Cyberpunk 2077 has a complicated reputation, to say the least, but Night City is one of the most believable worlds a game’s ever taken me to. I could get lost in its city streets for days and still turn up something or someone that was new and exciting, and that’s kind of life in the big city as I’ve always known it. Confounding in its labyrinthine depth, but always deeply rewarding to explore, Cyberpunk 2077 features a cast of characters from every walk of life too, including folks from the rough-and-tumble streets of Santo Domingo and Pacifica, where marginalized communities live in dilapidated and abandoned structures. Cyberpunk 2077’s world is rich in texture and history around every corner, and you can be a part of it by picking up the base version of the game for $US30, or the ultimate edition including the Phantom Liberty expansion for $US53.59 on Xbox.

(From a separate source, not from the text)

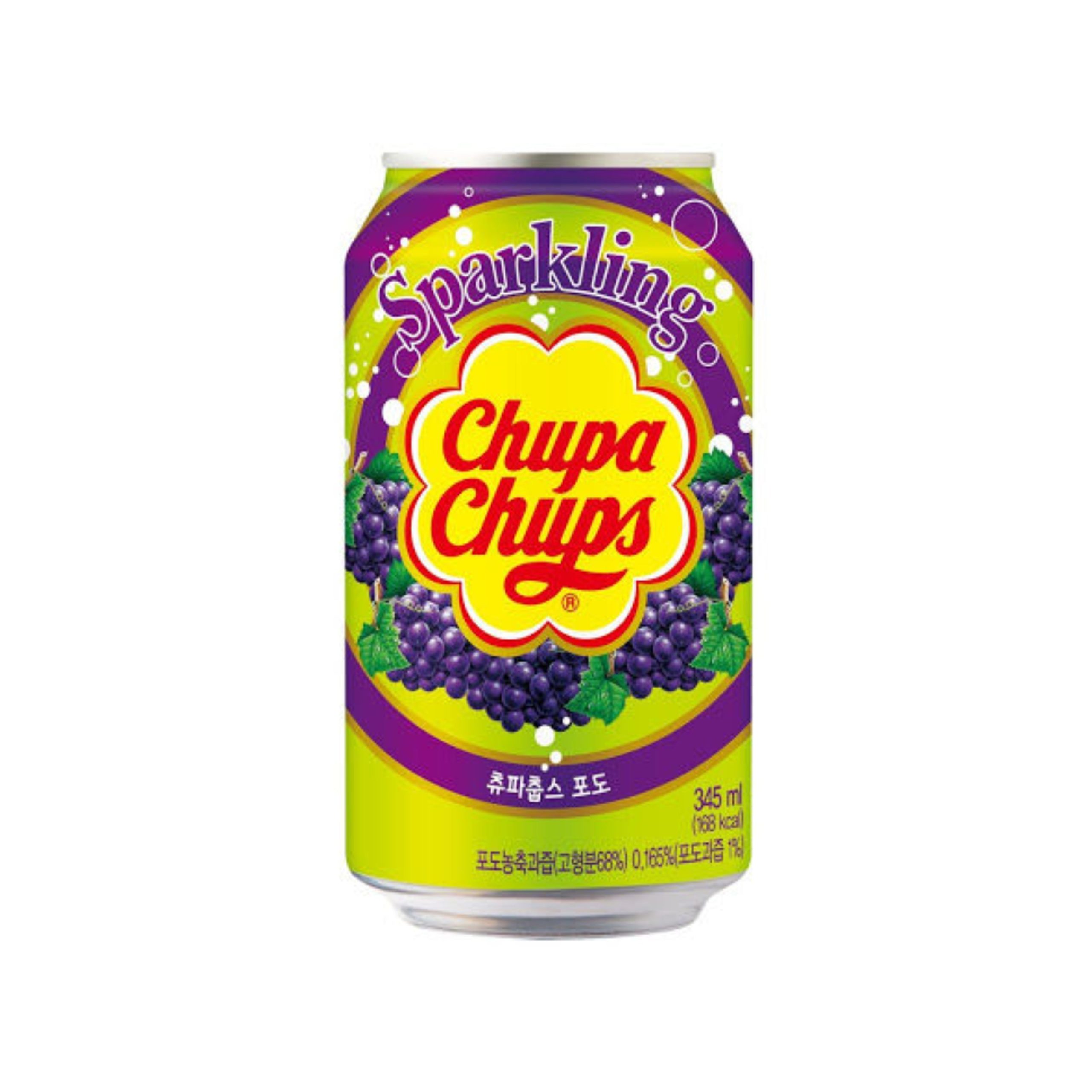 Chupa Chups Glitzernd Traube (Korea)
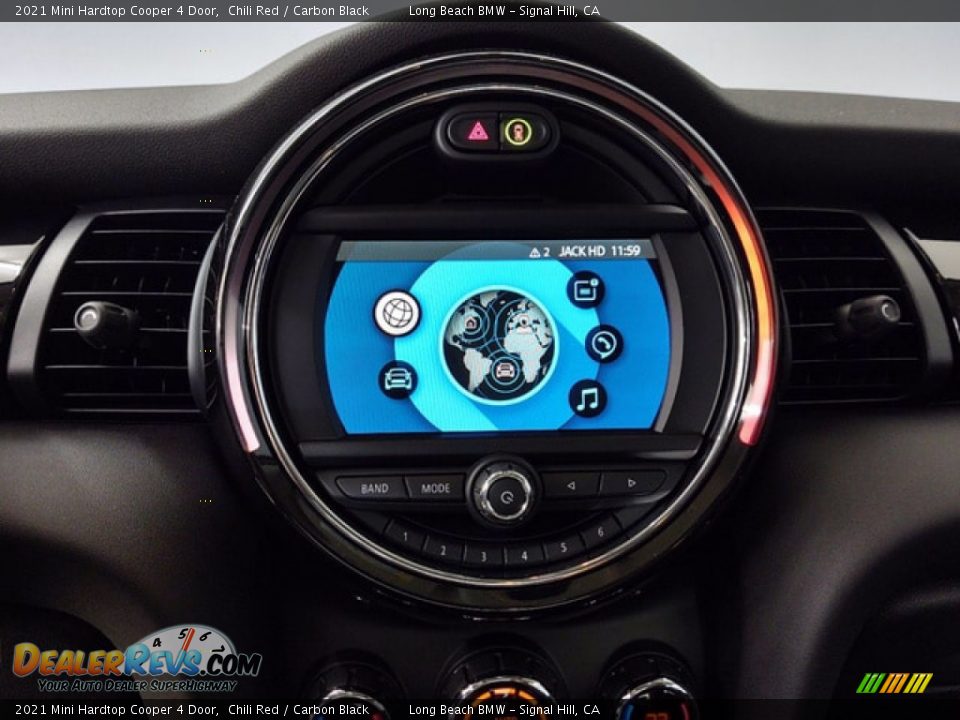 Controls of 2021 Mini Hardtop Cooper 4 Door Photo #11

Tom Clancy’s Ghost Recon Wildlands

Tom Clancy’s Ghost Recon Wildlands : Launch Trailer

I’m so surprised that Ubisoft has yet to really follow up on the incredible success of Ghost Recon Wildlands. An open-world take on the often linear genre of tactical third-person shooters, Wildlands felt like an outrageous entry into a storied franchise that typically prided itself on realism. It was the answer to a question nobody really asked: “What do you get if you smash Ghost Recon and Far Cry into one game?” It worked though, and sold millions of copies, because it turns out that just dropping four players into an open world where they can perform tactical hijinx is a winning formula.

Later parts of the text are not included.